2014, Movies

The Monuments Men (2014, George Clooney)

This is a reasonably entertaining, but oddly paced and very traditional film that dramatizes the efforts the US went to in order to rescue the art that the Nazis stole in World War II. As far as I can tell, it is very, very, very loosely based on the true story.

The first, and biggest problem with the film is its lack of historical accuracy. The major characters’ names have been changed but that’s far from the biggest detail that is altered. What the unit recaptured, how they did it and where they did it (and, really, it was a series of units) is altered for dramatic effect. As is the size of the unit, which is rendered as a few people in the film but which was quite large in real life (as it would have to be). I get the idea of having a bunch of old soldiers wandering around Europe. I see the appeal in that. But maybe just write a fictional film about it.

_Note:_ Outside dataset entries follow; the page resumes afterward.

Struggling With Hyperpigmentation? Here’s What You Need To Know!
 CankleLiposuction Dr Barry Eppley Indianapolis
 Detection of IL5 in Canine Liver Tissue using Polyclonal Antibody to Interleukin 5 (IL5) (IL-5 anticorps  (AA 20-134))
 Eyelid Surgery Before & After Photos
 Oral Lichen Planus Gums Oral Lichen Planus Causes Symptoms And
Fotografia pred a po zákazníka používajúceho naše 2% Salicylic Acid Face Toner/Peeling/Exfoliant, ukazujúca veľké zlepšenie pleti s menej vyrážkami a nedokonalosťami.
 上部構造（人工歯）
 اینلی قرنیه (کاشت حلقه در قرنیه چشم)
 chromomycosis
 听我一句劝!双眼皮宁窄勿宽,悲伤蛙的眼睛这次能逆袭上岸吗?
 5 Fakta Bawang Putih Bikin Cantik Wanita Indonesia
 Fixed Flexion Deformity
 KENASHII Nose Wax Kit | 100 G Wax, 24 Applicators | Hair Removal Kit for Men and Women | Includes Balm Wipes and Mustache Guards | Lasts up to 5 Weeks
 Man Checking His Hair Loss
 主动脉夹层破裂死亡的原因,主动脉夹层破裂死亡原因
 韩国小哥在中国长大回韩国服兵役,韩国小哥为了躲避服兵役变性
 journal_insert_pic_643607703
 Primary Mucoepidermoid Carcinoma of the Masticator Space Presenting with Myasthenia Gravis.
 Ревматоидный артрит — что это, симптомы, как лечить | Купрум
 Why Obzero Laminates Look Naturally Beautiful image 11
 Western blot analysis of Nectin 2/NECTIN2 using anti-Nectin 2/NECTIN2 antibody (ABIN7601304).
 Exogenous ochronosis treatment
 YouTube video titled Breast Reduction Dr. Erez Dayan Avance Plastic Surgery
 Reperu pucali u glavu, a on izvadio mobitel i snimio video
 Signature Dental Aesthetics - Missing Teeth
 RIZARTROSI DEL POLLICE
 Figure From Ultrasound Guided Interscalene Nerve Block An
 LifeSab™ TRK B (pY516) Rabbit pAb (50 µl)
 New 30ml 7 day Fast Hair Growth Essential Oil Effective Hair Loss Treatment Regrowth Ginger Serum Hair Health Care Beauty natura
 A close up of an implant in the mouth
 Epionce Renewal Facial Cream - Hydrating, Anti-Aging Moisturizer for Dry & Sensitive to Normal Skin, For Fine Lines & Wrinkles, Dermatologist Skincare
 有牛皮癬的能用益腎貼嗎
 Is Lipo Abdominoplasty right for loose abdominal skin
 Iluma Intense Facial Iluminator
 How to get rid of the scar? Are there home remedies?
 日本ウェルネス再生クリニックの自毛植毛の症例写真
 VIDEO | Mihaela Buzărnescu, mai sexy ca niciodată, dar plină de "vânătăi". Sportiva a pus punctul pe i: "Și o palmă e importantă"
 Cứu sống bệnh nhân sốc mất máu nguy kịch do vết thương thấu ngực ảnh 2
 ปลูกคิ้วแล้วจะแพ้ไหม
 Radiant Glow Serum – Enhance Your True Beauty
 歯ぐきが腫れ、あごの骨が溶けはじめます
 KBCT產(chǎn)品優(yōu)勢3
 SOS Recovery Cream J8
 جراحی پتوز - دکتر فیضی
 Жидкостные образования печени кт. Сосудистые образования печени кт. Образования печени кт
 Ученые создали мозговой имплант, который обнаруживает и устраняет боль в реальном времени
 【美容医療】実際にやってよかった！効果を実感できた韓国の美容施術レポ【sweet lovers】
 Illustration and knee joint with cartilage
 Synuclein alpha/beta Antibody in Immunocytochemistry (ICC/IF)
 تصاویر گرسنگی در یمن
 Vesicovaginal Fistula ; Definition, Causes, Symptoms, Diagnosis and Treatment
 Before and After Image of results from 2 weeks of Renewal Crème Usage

The other major problem, as I see it, is that Clooney is quite a traditional Hollywood filmmaker, particularly here. He seems to want to tell a story that amuses us, but also makes us care about the cause of WWII in general and the Monuments Men in particular, and that also emphasizes the gravity of what the Nazis were doing. Like an old Hollywood film, Clooney’s movie wants to have it all ways and wants to be all things to all people, meaning that tonally it is extremely confused, varying from mild humour much of the time – with a “bunch of misfits on an adventure” vibe – to moments of serious drama and lots of speechifying about the value of art. It doesn’t work.

I don’t understand why the real story couldn’t have been told and I also don’t understand why you wouldn’t commit to either treating it like a comedy or playing it entirely serious.